The Indiana House passed a bill on to the Senate that would allow Marion and Hamilton counties to vote on a tax increase to help pay for a proposed mass transit plan. Now, developers are moving on to a more serious planning phase, involving exact routes and station stops.
“This starts a series of discussions where we’re really starting specific routes. What streets are we going to run through? Where are the stops going to be? What are the environmental impacts? What are the neighborhood impacts?” said Ehren Bingaman, executive director of the Central Indiana Regional Transportation Authority.
The $1.3 billion Indy Connect project would include a downtown hub for connections and transfers, as well as double local bus service and add five rapid transit lines.

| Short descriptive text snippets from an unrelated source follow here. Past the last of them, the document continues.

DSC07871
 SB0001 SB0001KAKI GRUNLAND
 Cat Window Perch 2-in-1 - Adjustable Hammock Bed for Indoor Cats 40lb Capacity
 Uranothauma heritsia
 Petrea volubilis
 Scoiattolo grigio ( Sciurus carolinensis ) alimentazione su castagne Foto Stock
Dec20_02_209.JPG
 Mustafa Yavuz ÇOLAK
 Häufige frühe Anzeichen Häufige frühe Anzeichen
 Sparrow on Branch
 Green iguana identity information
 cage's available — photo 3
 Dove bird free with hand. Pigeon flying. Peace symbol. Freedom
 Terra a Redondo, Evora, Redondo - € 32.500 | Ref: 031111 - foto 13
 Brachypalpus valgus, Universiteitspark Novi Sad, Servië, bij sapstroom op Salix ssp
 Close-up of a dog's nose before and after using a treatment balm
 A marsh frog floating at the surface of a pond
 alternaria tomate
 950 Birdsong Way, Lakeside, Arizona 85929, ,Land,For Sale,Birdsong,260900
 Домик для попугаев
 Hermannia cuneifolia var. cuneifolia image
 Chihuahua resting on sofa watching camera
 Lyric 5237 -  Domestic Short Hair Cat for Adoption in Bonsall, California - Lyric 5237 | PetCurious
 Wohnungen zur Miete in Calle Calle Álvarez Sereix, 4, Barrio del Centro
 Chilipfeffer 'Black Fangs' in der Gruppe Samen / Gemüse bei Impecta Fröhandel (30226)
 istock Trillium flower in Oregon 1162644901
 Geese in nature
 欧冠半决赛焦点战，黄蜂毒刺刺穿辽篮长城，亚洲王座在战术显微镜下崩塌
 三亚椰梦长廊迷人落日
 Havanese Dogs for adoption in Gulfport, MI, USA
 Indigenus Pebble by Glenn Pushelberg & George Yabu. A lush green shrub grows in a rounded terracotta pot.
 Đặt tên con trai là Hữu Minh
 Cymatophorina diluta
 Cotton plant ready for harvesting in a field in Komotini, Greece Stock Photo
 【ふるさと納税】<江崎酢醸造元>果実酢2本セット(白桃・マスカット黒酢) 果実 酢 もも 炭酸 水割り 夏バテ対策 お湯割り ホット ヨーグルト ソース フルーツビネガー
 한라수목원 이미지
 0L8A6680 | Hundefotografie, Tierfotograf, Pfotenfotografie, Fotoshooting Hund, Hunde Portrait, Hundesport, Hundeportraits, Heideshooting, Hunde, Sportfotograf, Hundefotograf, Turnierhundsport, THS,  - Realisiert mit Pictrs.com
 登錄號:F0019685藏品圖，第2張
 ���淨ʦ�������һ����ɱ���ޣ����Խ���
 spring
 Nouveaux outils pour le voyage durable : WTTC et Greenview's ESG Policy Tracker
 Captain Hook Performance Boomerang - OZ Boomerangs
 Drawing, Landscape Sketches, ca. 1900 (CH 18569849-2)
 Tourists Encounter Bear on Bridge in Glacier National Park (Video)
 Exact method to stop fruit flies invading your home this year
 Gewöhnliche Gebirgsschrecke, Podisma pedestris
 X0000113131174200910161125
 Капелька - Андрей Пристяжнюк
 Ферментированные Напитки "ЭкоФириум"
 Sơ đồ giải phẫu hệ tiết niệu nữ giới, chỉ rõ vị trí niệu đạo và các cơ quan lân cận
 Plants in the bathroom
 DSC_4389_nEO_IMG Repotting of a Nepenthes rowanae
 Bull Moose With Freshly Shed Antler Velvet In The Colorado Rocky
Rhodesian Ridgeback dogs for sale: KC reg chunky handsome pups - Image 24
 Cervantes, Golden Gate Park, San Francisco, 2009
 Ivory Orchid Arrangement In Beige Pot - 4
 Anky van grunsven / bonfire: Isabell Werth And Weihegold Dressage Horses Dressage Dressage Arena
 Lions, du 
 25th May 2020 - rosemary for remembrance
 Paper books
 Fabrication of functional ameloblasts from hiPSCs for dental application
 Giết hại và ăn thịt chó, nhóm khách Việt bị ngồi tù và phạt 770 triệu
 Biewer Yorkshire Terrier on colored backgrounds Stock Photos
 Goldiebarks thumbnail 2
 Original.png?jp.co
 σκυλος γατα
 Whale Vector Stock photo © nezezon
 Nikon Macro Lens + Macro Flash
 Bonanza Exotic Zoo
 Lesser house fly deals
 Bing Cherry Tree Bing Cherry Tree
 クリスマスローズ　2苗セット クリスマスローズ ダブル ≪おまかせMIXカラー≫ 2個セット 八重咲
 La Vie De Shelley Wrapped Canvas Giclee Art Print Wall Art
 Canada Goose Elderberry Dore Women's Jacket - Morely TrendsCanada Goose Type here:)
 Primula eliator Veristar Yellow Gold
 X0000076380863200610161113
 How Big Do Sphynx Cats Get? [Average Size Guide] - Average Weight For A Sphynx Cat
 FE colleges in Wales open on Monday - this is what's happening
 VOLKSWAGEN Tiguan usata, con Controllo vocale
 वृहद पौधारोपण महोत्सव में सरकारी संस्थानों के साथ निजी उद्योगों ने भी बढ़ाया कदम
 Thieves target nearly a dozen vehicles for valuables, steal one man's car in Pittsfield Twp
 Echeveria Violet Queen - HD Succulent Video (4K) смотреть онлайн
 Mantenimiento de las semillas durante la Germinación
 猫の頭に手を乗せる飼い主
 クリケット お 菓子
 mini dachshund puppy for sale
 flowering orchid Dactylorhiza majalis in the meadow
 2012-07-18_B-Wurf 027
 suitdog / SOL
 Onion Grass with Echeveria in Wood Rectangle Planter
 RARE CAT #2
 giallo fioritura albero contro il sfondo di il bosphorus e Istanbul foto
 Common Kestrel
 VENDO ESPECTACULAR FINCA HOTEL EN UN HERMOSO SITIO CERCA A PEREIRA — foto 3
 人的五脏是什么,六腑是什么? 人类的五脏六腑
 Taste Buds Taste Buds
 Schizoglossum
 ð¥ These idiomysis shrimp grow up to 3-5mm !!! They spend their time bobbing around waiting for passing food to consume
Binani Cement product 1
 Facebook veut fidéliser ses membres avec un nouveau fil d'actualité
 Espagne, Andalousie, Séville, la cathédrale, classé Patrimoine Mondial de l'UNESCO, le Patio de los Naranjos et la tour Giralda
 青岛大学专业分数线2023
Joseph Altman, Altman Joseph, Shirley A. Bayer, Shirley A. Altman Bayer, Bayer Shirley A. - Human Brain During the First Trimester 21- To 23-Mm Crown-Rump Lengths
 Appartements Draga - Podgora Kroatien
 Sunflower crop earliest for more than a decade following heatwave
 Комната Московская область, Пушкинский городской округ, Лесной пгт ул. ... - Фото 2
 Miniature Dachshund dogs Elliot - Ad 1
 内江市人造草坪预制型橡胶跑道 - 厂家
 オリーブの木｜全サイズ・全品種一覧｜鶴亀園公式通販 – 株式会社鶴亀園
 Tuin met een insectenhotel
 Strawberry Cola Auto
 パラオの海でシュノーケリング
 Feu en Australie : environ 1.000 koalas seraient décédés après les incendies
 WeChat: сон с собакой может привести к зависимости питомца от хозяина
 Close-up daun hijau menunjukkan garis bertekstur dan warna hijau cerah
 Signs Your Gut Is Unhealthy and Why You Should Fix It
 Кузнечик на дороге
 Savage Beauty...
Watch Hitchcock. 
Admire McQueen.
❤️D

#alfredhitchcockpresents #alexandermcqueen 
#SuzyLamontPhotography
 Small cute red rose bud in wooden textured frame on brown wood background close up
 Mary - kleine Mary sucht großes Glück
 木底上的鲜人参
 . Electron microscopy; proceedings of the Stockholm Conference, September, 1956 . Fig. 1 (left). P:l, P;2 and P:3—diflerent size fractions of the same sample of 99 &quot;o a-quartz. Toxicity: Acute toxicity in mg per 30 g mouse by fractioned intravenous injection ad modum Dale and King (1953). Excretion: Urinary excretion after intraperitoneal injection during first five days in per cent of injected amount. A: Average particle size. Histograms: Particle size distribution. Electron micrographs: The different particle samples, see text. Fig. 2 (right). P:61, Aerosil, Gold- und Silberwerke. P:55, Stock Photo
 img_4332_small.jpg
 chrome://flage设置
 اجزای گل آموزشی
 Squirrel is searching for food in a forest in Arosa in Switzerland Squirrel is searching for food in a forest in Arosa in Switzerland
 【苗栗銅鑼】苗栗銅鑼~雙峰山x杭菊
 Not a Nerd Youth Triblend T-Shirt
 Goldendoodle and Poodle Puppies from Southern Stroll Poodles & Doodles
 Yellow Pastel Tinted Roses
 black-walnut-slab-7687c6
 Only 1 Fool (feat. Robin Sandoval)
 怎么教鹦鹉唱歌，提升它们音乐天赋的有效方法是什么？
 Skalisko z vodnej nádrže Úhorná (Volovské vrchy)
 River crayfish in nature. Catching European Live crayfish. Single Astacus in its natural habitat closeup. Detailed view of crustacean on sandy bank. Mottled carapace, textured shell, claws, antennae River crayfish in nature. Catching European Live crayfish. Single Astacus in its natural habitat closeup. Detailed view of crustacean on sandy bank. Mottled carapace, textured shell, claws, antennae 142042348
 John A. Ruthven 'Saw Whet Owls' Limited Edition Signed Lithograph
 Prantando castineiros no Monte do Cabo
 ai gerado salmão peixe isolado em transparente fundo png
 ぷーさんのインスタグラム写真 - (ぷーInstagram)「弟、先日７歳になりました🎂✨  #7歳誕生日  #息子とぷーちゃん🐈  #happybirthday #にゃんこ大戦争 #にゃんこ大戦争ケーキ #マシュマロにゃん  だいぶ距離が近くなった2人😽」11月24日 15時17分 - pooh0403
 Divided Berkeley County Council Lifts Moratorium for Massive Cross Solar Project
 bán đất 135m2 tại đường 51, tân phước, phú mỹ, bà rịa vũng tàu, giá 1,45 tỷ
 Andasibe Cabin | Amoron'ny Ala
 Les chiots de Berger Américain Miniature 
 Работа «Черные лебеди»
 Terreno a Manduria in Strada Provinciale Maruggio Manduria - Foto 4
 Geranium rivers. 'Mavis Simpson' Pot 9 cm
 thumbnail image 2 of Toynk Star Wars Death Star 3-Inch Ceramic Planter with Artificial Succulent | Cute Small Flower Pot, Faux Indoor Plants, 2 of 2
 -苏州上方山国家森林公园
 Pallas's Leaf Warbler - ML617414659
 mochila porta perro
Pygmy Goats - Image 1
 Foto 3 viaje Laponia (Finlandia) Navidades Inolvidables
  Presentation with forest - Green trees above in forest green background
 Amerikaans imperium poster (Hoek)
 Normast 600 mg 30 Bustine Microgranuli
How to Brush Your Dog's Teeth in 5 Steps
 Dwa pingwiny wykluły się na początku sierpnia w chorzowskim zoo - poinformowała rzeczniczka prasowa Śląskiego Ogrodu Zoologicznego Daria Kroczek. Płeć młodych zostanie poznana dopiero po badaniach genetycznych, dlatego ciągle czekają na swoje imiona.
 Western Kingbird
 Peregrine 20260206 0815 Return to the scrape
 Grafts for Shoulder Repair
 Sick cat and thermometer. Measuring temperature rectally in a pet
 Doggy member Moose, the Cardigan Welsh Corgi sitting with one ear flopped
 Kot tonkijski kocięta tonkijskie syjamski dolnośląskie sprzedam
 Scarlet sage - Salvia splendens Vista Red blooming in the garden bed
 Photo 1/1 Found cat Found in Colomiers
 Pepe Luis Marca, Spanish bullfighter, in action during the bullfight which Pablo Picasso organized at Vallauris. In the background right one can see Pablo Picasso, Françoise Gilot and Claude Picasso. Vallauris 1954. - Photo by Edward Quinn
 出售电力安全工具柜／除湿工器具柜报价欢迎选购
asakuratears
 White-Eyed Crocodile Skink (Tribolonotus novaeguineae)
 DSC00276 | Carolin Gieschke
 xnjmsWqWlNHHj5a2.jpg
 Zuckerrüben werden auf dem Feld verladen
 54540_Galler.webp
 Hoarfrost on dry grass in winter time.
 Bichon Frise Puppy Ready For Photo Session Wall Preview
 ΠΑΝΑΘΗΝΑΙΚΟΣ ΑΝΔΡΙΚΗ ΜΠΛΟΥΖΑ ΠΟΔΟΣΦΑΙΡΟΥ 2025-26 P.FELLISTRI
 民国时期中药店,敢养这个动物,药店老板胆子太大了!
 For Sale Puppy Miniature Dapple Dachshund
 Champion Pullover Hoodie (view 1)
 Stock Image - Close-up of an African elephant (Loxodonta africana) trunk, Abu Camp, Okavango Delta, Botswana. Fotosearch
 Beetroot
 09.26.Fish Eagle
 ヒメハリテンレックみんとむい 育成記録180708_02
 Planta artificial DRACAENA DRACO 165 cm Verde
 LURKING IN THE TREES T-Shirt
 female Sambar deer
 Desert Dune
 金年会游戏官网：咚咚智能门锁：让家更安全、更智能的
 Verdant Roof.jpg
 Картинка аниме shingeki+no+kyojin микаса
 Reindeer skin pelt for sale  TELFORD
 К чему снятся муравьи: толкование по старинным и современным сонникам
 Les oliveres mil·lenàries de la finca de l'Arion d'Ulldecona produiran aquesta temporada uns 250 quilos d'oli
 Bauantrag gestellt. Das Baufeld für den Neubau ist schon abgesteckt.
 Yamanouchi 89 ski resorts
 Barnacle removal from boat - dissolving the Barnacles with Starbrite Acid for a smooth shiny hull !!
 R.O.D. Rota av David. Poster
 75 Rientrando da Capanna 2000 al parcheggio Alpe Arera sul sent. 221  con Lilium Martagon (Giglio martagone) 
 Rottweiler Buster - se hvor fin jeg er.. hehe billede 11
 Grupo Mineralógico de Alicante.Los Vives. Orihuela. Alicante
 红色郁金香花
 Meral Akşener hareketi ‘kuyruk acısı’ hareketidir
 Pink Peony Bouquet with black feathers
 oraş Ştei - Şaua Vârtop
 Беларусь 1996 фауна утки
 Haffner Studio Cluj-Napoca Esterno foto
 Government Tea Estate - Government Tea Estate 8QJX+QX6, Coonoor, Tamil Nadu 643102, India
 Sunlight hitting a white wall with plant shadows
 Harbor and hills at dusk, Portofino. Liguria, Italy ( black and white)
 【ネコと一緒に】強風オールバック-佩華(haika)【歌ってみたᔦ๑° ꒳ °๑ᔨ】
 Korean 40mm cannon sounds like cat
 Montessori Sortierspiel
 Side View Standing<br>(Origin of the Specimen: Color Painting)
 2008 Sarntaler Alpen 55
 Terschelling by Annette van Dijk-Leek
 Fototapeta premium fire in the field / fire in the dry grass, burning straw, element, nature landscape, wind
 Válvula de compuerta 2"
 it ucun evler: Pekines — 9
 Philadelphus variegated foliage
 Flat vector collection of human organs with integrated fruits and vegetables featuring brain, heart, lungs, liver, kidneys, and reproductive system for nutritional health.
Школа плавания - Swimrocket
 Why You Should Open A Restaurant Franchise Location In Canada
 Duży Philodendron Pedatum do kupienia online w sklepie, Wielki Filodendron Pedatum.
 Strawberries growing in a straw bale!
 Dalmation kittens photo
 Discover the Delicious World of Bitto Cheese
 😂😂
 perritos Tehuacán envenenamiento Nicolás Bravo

Organizers are turning their attention to three of those five lines in this next stage of the process. The Red Line would run from Greenwood through downtown north to Carmel. The Blue Line would run east to west with a stop at Indianapolis International Airport. The Green Line would take passengers from downtown up to Noblesville with a series of stops along the way.
One of those stops could be along the old railroad tracks near Graham Road and 71st Street in the area of the Binford Redevelopment and Growth (BRAG) organization.
“We are always looking to the future. What will this area look like in 20, 30 years? How do we make old suburbia viable? How do we make it grow? How do we increase property values? Much of that is reflected in the idea of having better transit,” said Kas Vargo, BRAG Board president.
Indy Connect is hosting a series of public meetings for communities to weigh in on where the routes and station stops should be. The first is Tuesday, February 26 at the Fishers Train Station to discuss plans for the Green Line.